Provided entries =
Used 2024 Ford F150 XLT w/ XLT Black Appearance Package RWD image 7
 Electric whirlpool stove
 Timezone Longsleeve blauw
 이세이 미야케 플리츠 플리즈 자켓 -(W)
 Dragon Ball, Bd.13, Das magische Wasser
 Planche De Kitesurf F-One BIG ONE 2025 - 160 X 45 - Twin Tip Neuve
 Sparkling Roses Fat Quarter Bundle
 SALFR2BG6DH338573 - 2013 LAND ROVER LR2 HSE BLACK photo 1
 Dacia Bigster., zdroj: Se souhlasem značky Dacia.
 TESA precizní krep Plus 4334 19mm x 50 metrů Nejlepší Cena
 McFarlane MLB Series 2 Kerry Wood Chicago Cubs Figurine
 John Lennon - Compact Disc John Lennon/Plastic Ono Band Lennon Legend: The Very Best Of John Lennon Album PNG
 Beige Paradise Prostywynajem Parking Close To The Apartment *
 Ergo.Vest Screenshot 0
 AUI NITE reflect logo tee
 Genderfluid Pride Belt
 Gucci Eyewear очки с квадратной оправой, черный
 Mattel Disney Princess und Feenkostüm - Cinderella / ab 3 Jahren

Problem to solve =
The reply should hold only the lines from the first line of the listing above through the line with "Planche De Kitesurf", each copied exactly.

Problem solution =
Used 2024 Ford F150 XLT w/ XLT Black Appearance Package RWD image 7
 Electric whirlpool stove
 Timezone Longsleeve blauw
 이세이 미야케 플리츠 플리즈 자켓 -(W)
 Dragon Ball, Bd.13, Das magische Wasser
 Planche De Kitesurf F-One BIG ONE 2025 - 160 X 45 - Twin Tip Neuve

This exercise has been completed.